======== DATASET

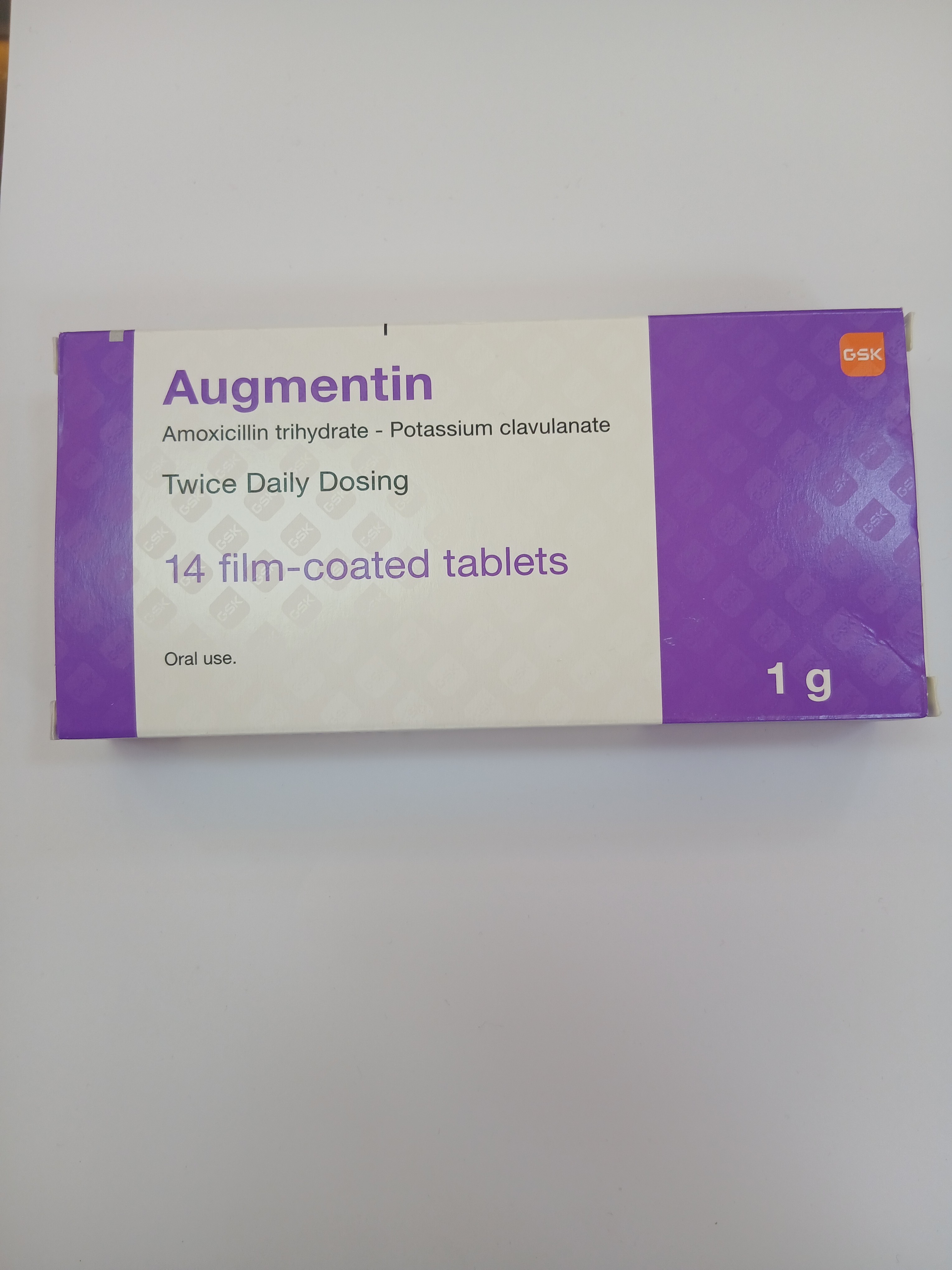 Augmentin Amoxicillin trihydrate - Potassium clavulanate 1g, 14 film-coated tablets for twice daily dosing in a white and purple cardboard box.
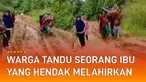 Seorang ibu harus ditandu warga melewati jalan berlumpur karena mobil ambulans tidak bisa melintasi jalan tersebut.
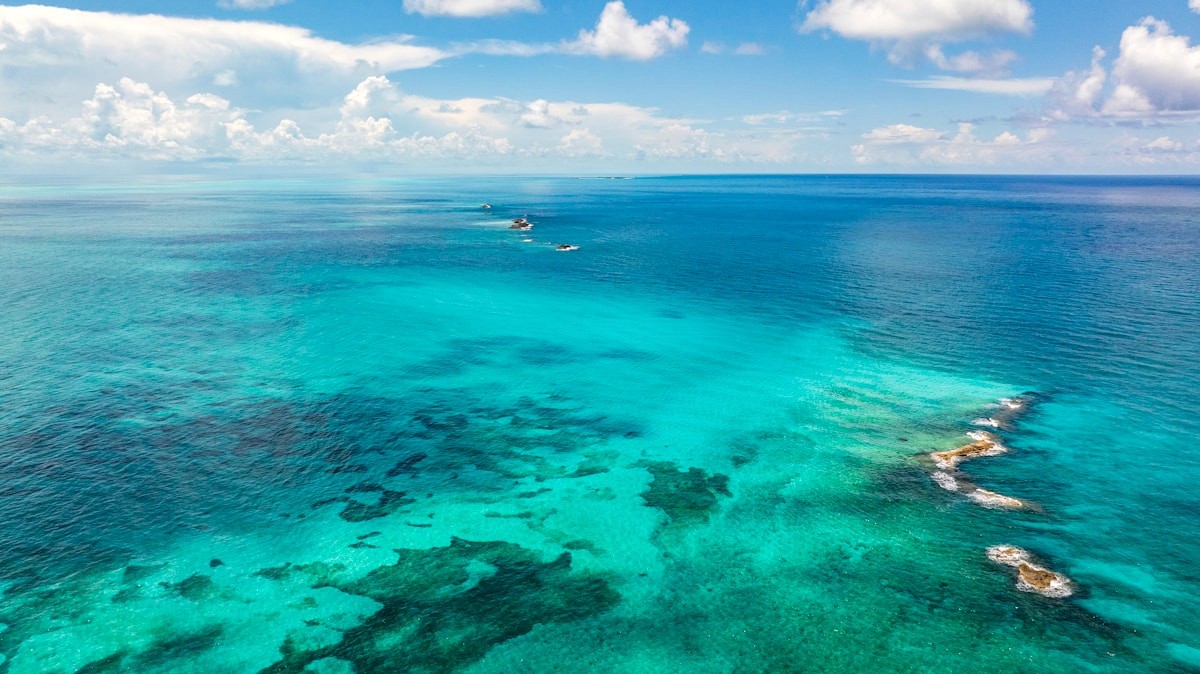 A turquoise reef and open water in Saint Vincent and the Grenadines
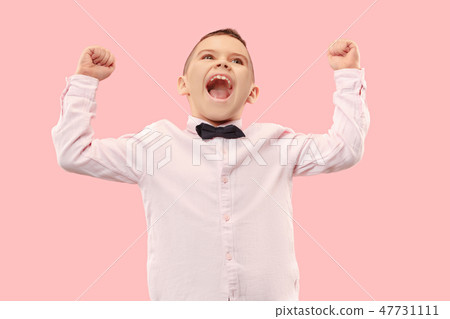 Winning success man happy ecstatic celebrating being a winner. Dynamic energetic image of male model Winning success man happy ecstatic celebrating being a winner. Dynamic energetic image of male model 47731111
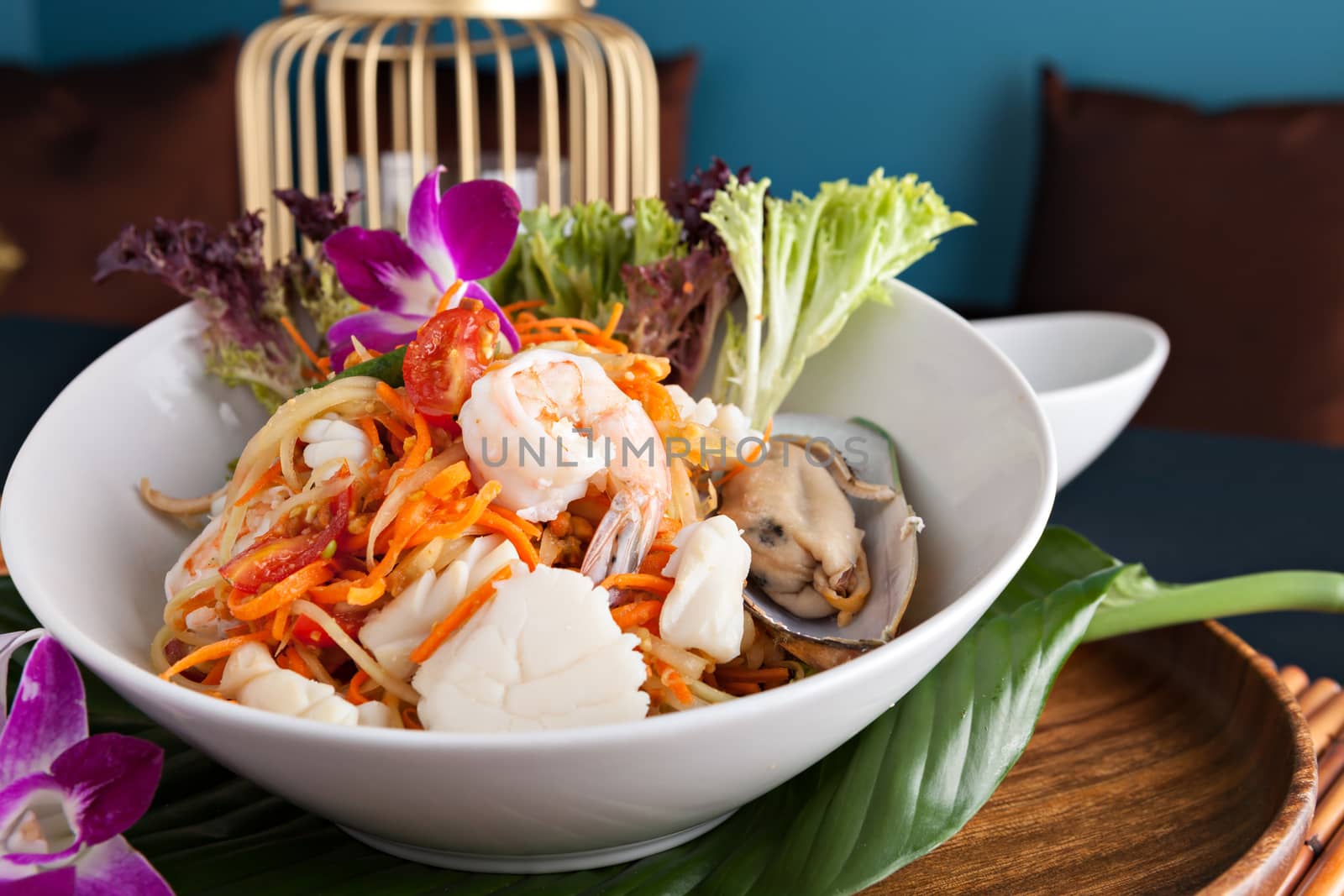 Traditional dish of freshly prepared Thai food.  Thai seafood and som tum green papaya salad.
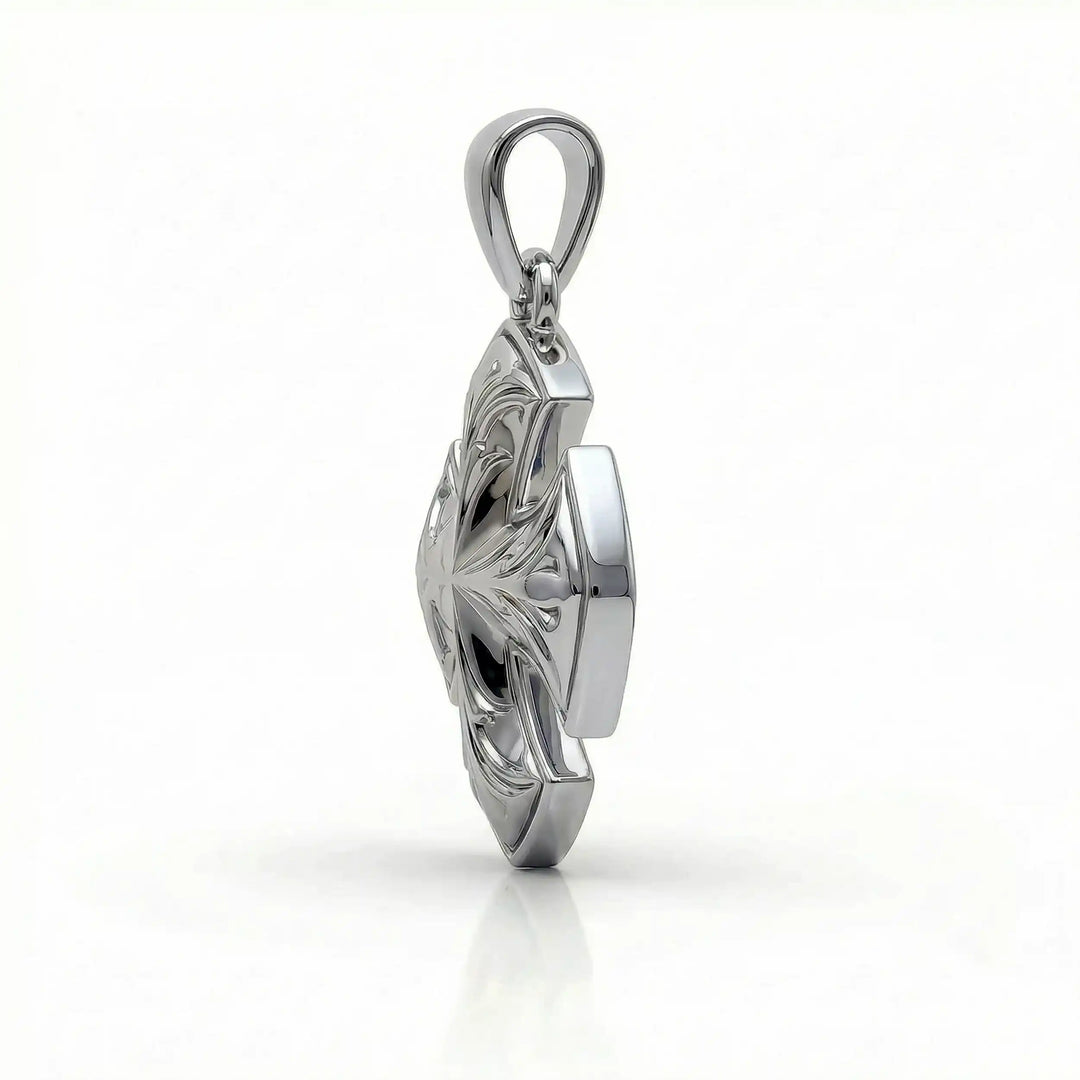 Maltese cross pendant with engraved ornamental design displayed on white background.
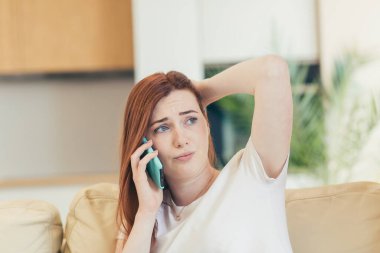 Genç ve güzel bir kadın evde, kanepede tek başına oturuyor, acı ve depresyon hissediyor telefonda bir arkadaşına şikayet ediyor.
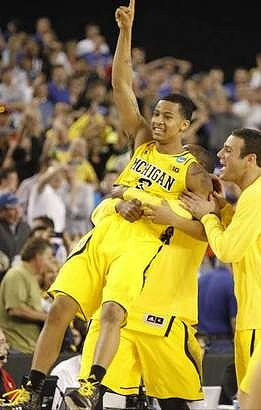 Trey Burke (3), Corey Person (32), and Josh Bartelstein (20)
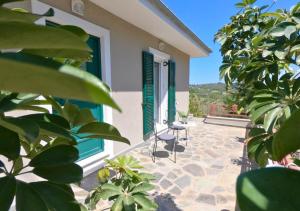 a patio of a house with two chairs and a window at Peonia Flower House in Asprogerakata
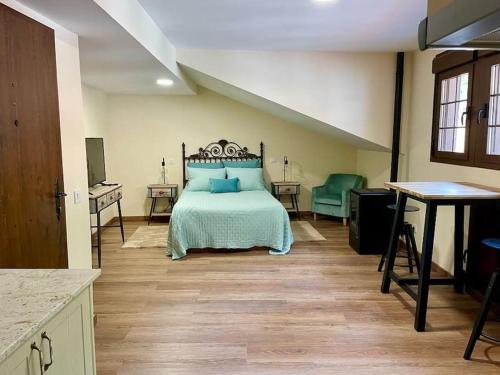 a bedroom with a bed with blue pillows on it at Casina Marqués in Cudillero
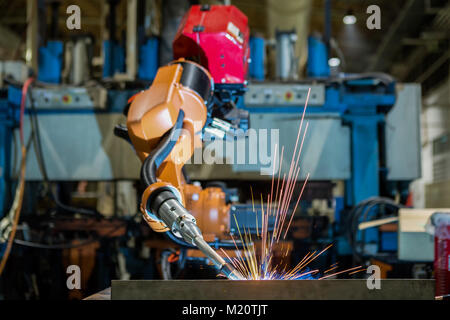 Movement of robot welding in factory Stock Photo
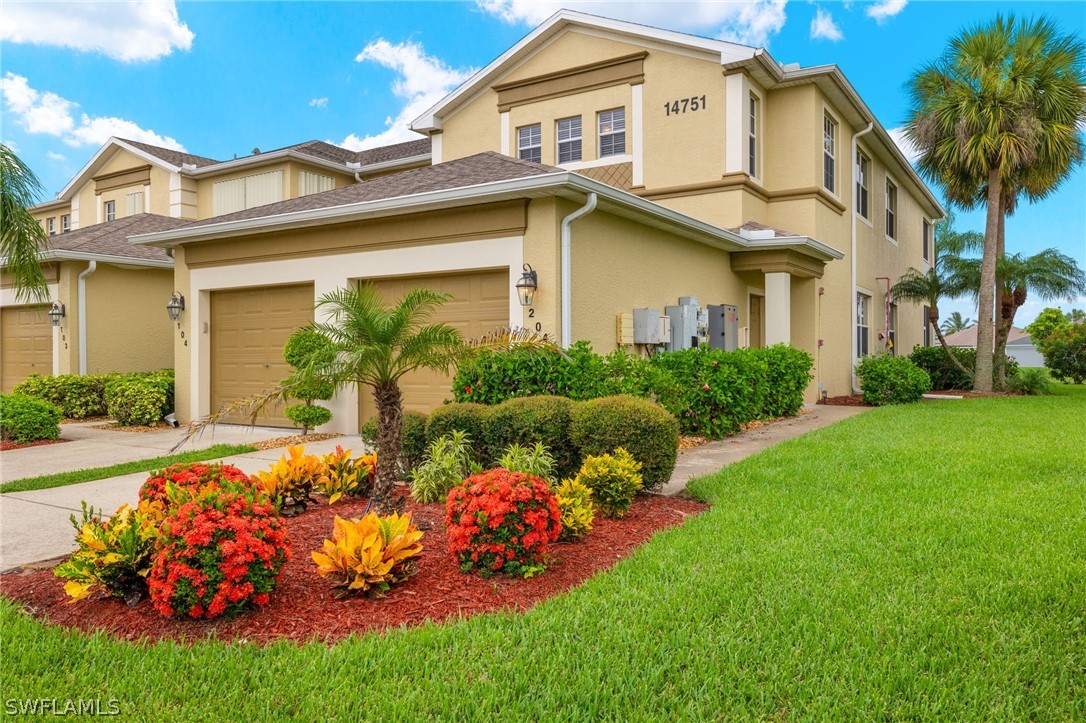 a front view of a house with a big yard and potted plants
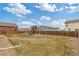 Expansive backyard featuring a well-maintained lawn, wooden fence, and play set at 7232 Shavano Ave, Frederick, CO 80504
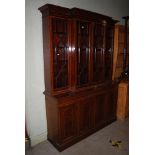 AN EDWARDIAN MAHOGANY AND SATINWOOD BANDED BREAKFRONT BOOKCASE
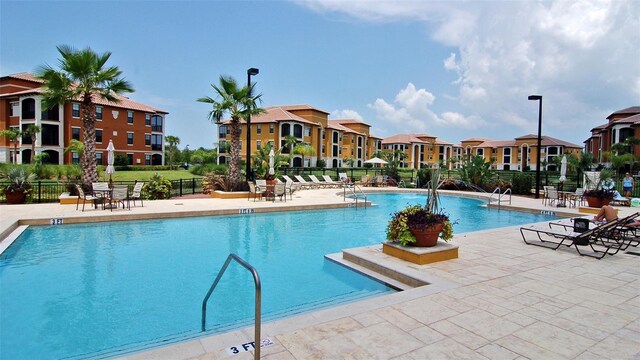 8397 38th Street Cir E Unit 306, Sarasota, FL 34243 - community pool with a patio area and a residential view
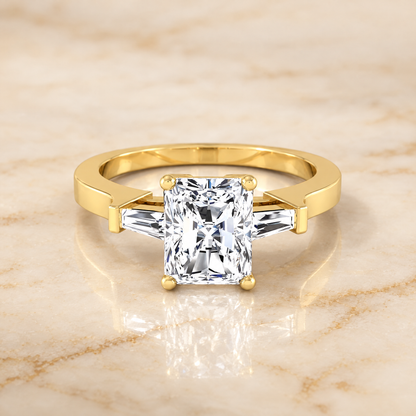The June Three Stone Radiant Cut Engagement Ring Setting in 18K Yellow Gold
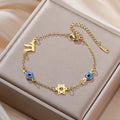 Armband met beschermsymbolen blauwe oog, Chai en de Davidster goud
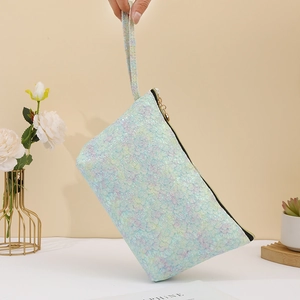 Close-up of holographic sequin makeup bag with handle in pastel blue and purple tones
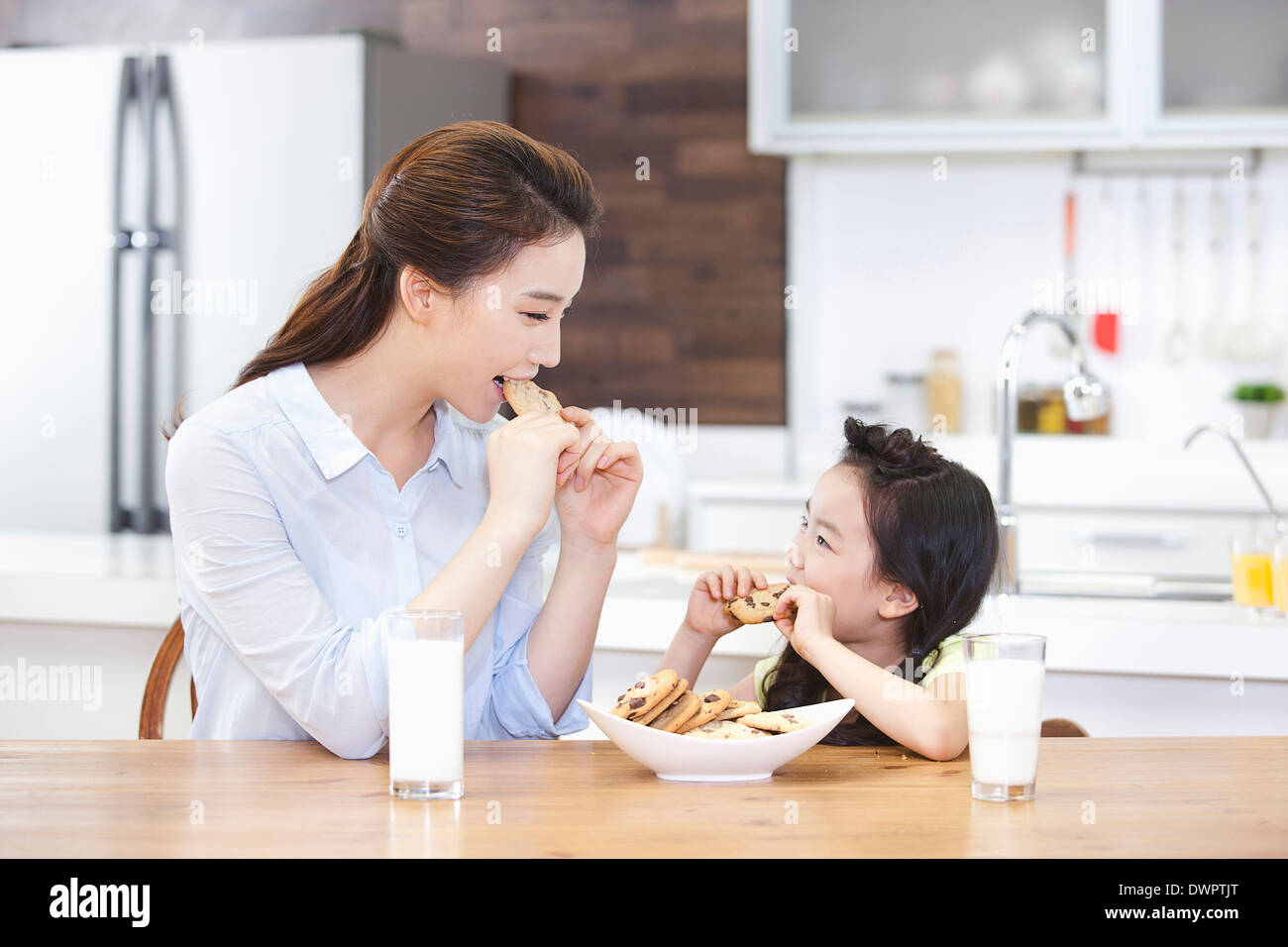 Una madre e una figlia godendo i cookie in cucina Foto Stock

================

(WHAT TO WORK ON):
Without any pictures, reproduce exactly the lines from the line that contains "Movement of robot" to the end of the entries above, both ends included.

(RESULT OF THE EXERCISE):
 Movement of robot welding in factory Stock Photo
 a front view of a house with a big yard and potted plants
 Expansive backyard featuring a well-maintained lawn, wooden fence, and play set at 7232 Shavano Ave, Frederick, CO 80504
 AN EDWARDIAN MAHOGANY AND SATINWOOD BANDED BREAKFRONT BOOKCASE
 8397 38th Street Cir E Unit 306, Sarasota, FL 34243 - community pool with a patio area and a residential view
The June Three Stone Radiant Cut Engagement Ring Setting in 18K Yellow Gold
 Armband met beschermsymbolen blauwe oog, Chai en de Davidster goud
 Close-up of holographic sequin makeup bag with handle in pastel blue and purple tones
 Una madre e una figlia godendo i cookie in cucina Foto Stock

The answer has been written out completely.